O capataz havia tido a brilhante ideia de amarrar a flâmula com o brasão da família de Shimada no corpo da própria foice, criando uma peça macabra, em que o bordado com o boi de um único chifre tremulava sinistramente com uma mancha escura de sangue ressequido.

Acompanhou, curioso, Mamuro alcançar Shimada e gesticular algo exagerado para ele. Depois do episódio do cavalo, o capataz vinha fazendo de tudo para agradá-lo. Como se algum comentário espirituoso seu fosse mudar o fato dele quase ter arruinado o exército de seu senhor, horas antes da batalha, ao enfiar na goela de um animal o artefato mais raro da família, vergado até mesmo pelo avô do seu tio.

Não fosse uma ferramenta tão importante para a vitória, Shimada mandaria Mamuro se matar na frente de todos apenas usando o graveto que sobrara do estandarte.

Percebeu Tetsubo e Yutaka se entreolharem e se afastarem da primeira fileira, provavelmente incomodados com a presença do capataz.

Já fazia um tempo que Tetsubo não dava nenhuma palavra, nem mesmo para reclamar das moscas que continuavam a cercá-lo, atraídas pelo seu suor azedo. Fumio também tinha desistido de seus biscoitos entocados. Consciente, enfim, de que tudo aquilo não era apenas uma de suas historinhas cheias de gravuras, que devia colecionar mesmo depois de adulto. E Yutaka permanecia acordado, tão impávido em sua postura ereta, que Isao temeu que, em algum momento, o velho amigo fosse vestir de volta as espadas.

– Pelo último Galo, por que Shimada permitiu que Mamuro fizesse essa atrocidade com o brasão da família? – Isao demorou a perceber que Yutaka falava com ele. – Que coisa de mau gosto!

– Mau gosto? – O sacerdote fingiu surpresa. – Não vejo como o estandarte poderia ornar melhor com a situação.

O velho desacelerou o trote do cavalo para ficar ao seu lado, sem perceber que Tetsubo o fitava, incomodado.

– Realmente, muito simbólico – concordou, dando batidinhas no pescoço da montaria para que ela se acertasse na estrada. – Torço apenas para que esse sangue não venha a ser de nenhum de nós.

'Apenas eu derramarei sangue hoje.', quis gritar para que o velho amigo se afundasse em culpa por não ter tido coragem suficiente para enfrentar Shimada.

Certo de que suas palavras apenas estragariam seus planos, preferiu o sarcasmo.

– E eu torço para que Ryota nos receba com uma saraivada de flechas!

Yutaka gargalhou, revoltando ainda mais Isao.

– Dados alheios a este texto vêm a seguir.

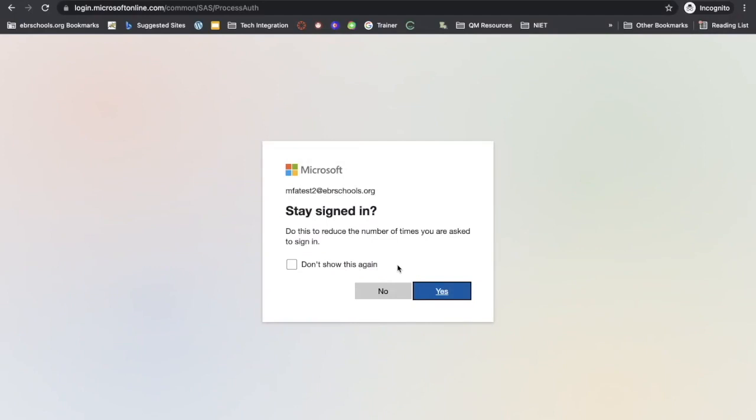Once you've done that, you are all signed in. Go ahead and click on yes or no to reduce the number of times that you are asked to sign in. Once you click done, you are done with your authentication app.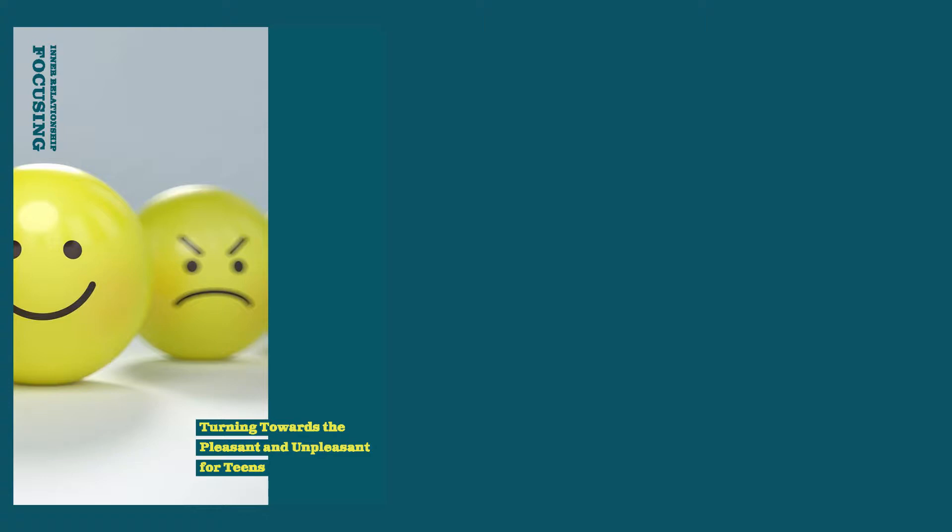Notice how this troubling moment makes you feel. And see if you can describe it.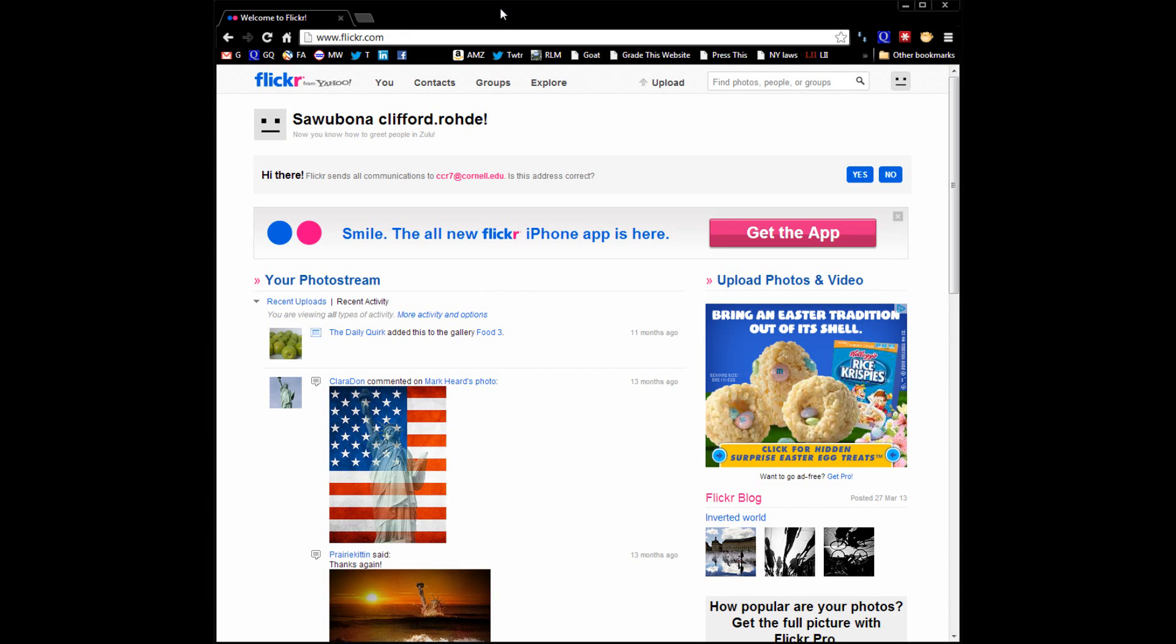This is Cliff Rohde of GoCloud Communications. Today we're going to be learning about how to get free images for your website.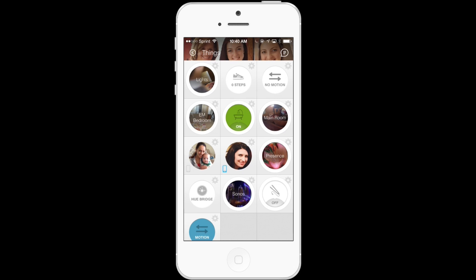So you'll see things like lights, bedroom, main room, and so forth. And by tapping each of these groups, you'll be able to see the individual things that are part of that group.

– Batalhas só começam assim, cheias de ação, nos contos de fantasia. No mundo real, elas são bem mais entediantes, garoto. São tantos os protocolos...

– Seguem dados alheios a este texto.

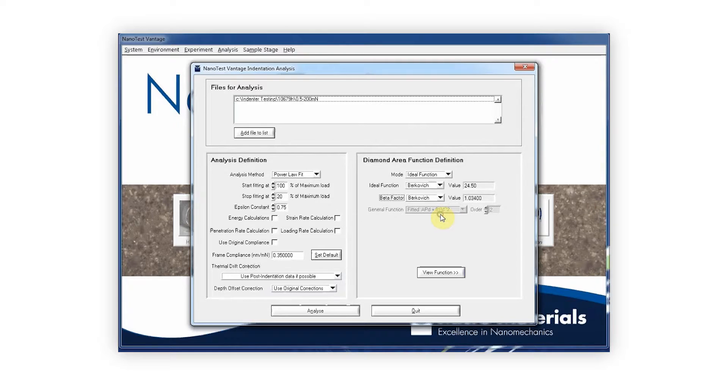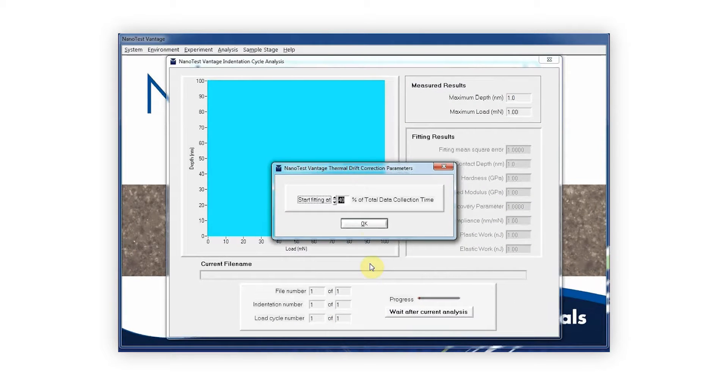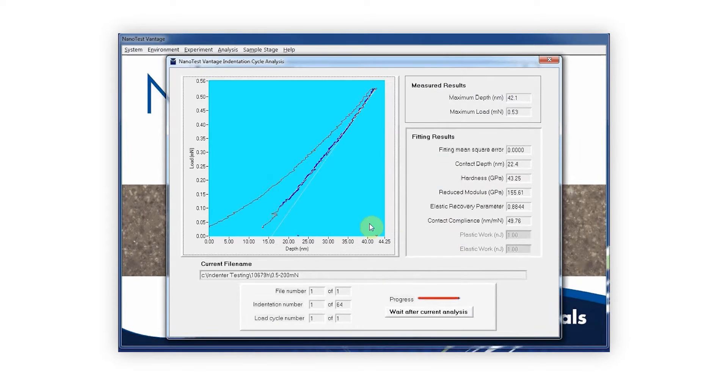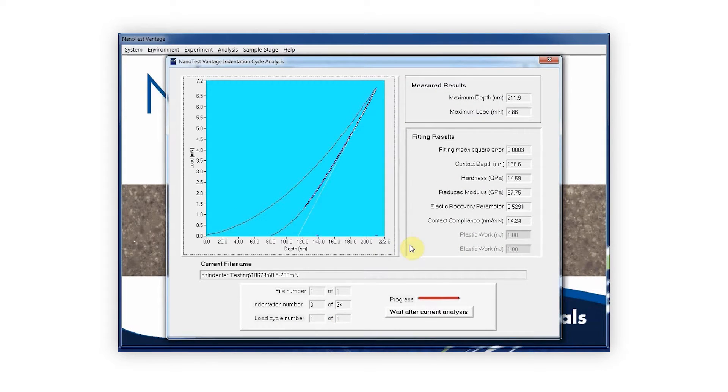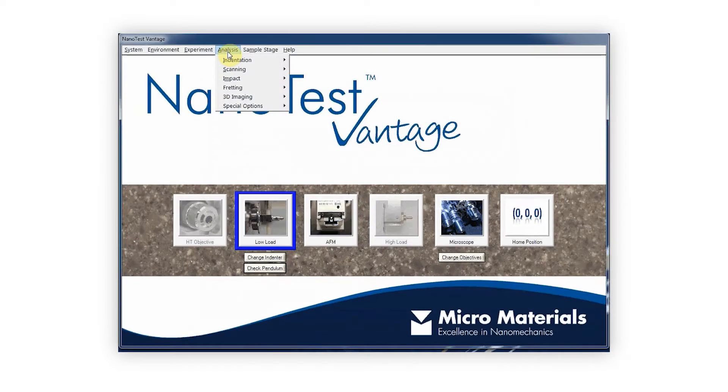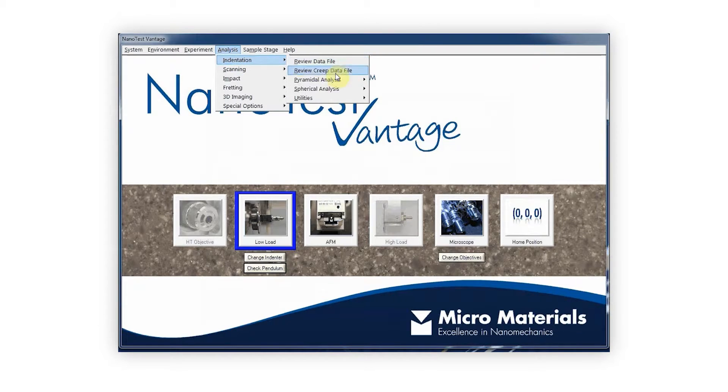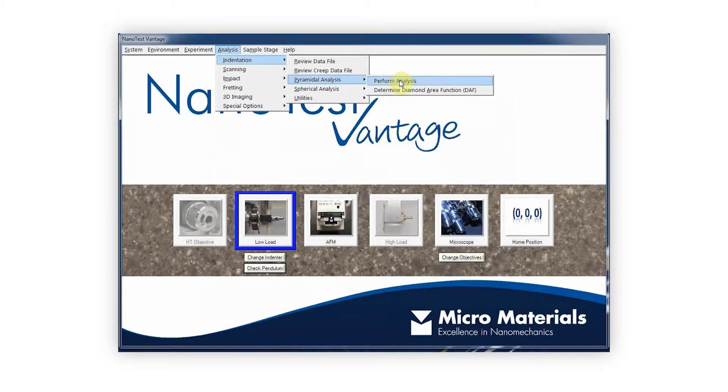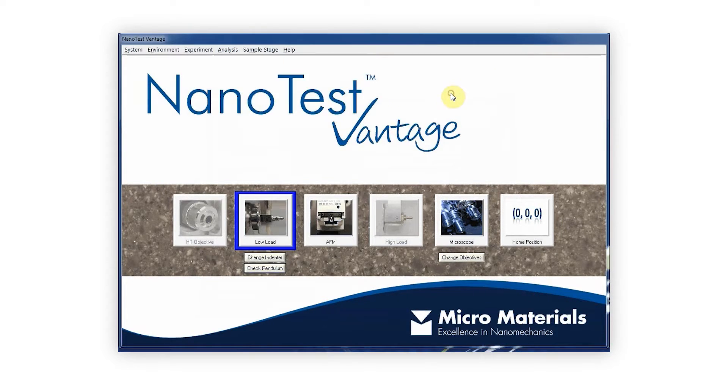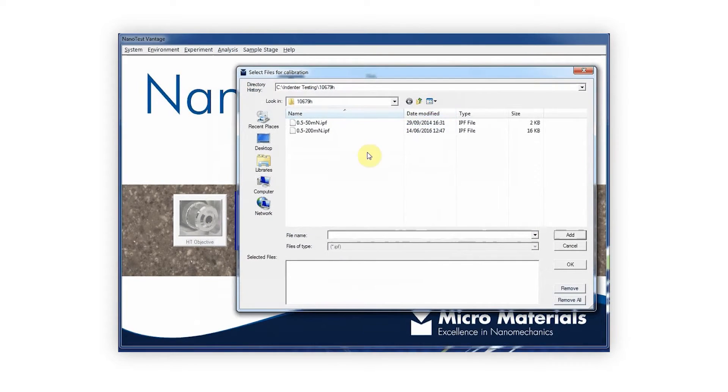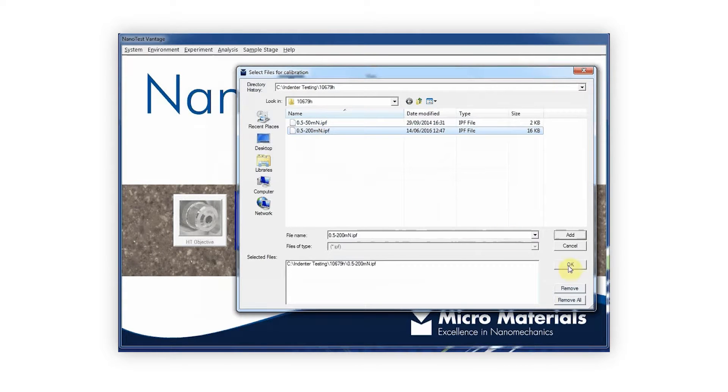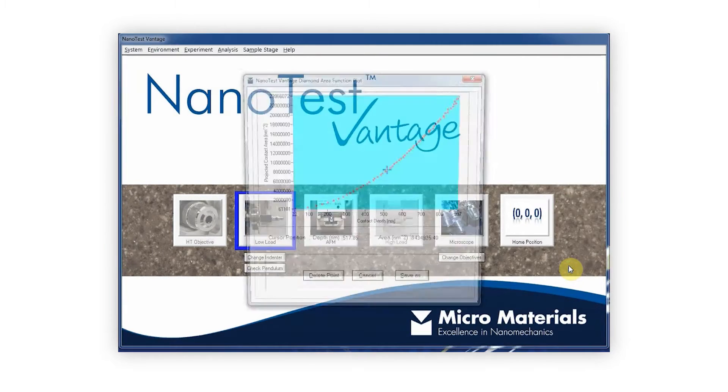Firstly, a predefined area function experiment is performed on a reference sample, usually fused silica. Once complete, automated ISO-compliant analysis protocols are used to calculate the area function for the indenter.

– Protocolos podem ser quebrados. Veja você, o melhor aliado de Shimada conversando com um prisioneiro.

– No sul, respeitamos os ritos imperiais estabelecidos para o campo de batalha – pontou o velho fitando Shimada por um momento. – E eu não quebrei protocolo nenhum, já que você não me parece um prisioneiro! – quase gritou, sinalizando os pulsos do sacerdote.

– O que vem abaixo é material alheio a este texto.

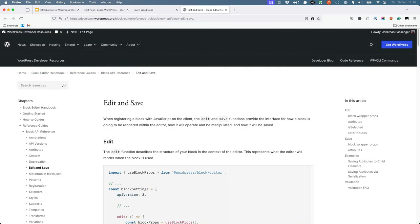To read more about building your edit and save functionality, take a look at the edit and save reference guide and the block editor handbook.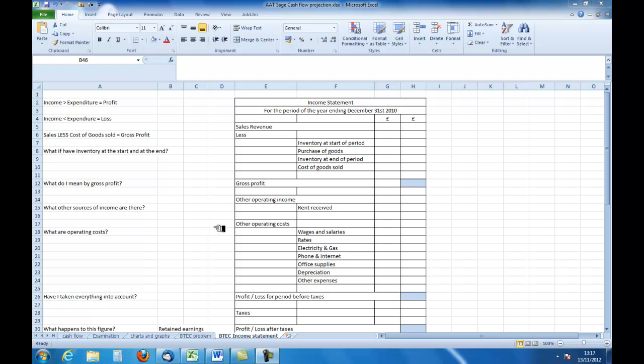We haven't considered any of the other expenses which would affect the profit that we made. We can't just buy goods in and sell them. There are other overheads or operating costs. We have listed just a few to give you an example: wages and salaries, rates, electricity and gas, phone and internet, office supplies, depreciation, and any other expenses.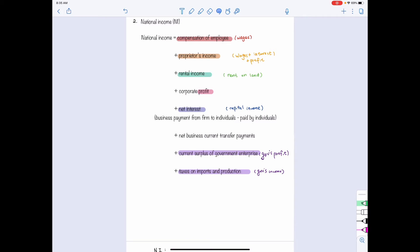The last term is net business current transfer payments — these are payments made by businesses to households in the form of gifts, not wages or taxes. Examples include charity donations and insurance payments. Since households receive these as income, they are part of national income and need to be included.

– Não faz sentido vocês respeitarem os ritos imperiais, mas não aceitarem um governo imposto pelo Império!

– O Kerai não é o Imperador. Há uma influência muito maior de Shiba naquele Palácio do que da Corte – disse, apontando para o horizonte à frente. – Eu entendo sua revolta, rapaz. Mas vamos tentar olhar pelo lado positivo. Talvez a ausência do Kerai possa facilitar algum tipo de acordo.

– Não me parece que alguém que tenha Mamuro e esses mercenários marchando ao seu lado esteja disposto a conversar, Yutaka. Convenhamos.

– Bem, a política tem suas particularidades. Não é incomum que diálogos dependam de algum incentivo militar.

– Imagino que tipo de incentivo Mamuro queira oferecer...

– Tenhamos fé! – exagerou o velho com uma piscadela.

– Não seja tão covarde! – gritou – Não é justo colocarmos na fé a desculpa para nossa negligência.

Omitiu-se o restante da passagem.